GNU Forth doesn’t give you a f=
operator to test float equality, because
testing float equality without thinking about it is a bad idea, because it’s
too easy to lose precision to floating point mechanics. Instead, there are a
bunch of float comparison operators. f~rel
takes three items from the stack
and puts a boolean onto the data stack. Those items are two values to compare,
and an allowed margin of error. We’re going to call the problem solved if
we’re within 0.001 of the target. If we are, we’ll call equation.
and print
out the solution we found.
The evaluator, this-solution
, looks like this:
: this-solution
4 0 do i input@ loop
linear @ if
2 op-do 1 op-do 0 op-do
else
2 op-do
frot frot
0 op-do
fswap
1 op-do
then
;
What could be simpler, right?
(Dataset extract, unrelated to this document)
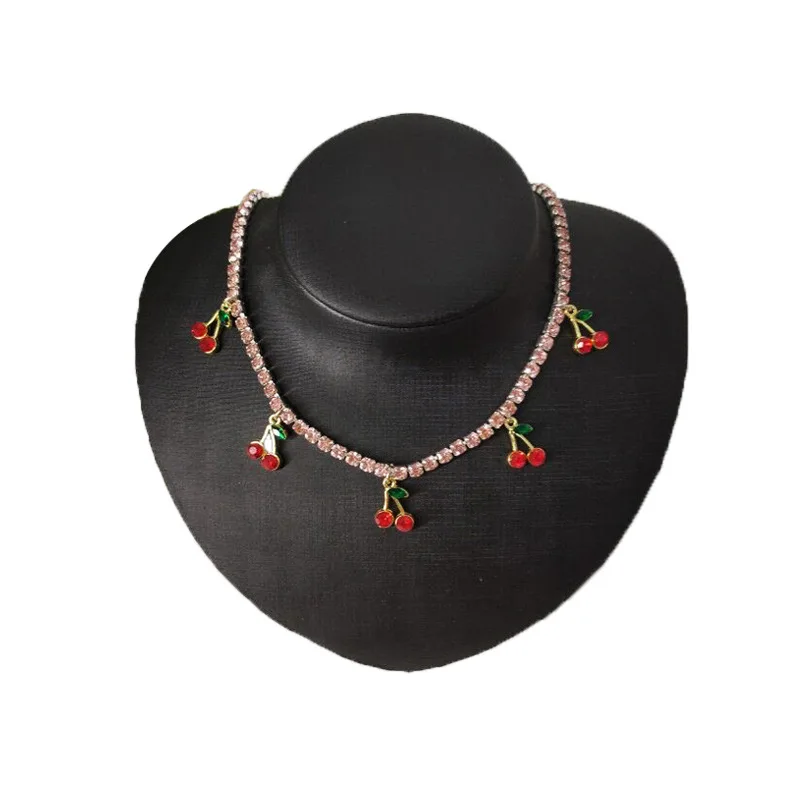 

2020 Luxury Full Shining Crystal Chain Collars Chokers For Women New Korean Fashion Simple Cute Cherry Pendant Necklaces Jewelry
We get the inputs out of memory (meaning they’re
now in reverse order on the stack) and pick an evaluation strategy based on the
linear
flag. If we’re evaluating linearly, we execute each operator’s
execution token in order. If we’re grouping, it works like this:
( r1 r2 r3 r4 ) \ first, all four inputs are on the stack
2 op-do ( r1 r2 r5 ) \ we do first op, putting its result on stack
frot ( r2 r5 r1 ) \ we rotate the third float to the top
frot ( r5 r2 r1 ) \ we rotate the third float to the top again
\ ...so now the "bottom" group of inputs is on top
0 op-do ( r5 r6 ) \ we do the last op, evaluating the bottom group
fswap ( r6 r5 ) \ we restore the "real" order of the two groups
1 op-do ( r7 ) \ we do the middle op, and have our solution
That’s it! That’s the whole 24 solver, minus a few tiny bits of trivia. I’ve published the full source of the program on GitHub.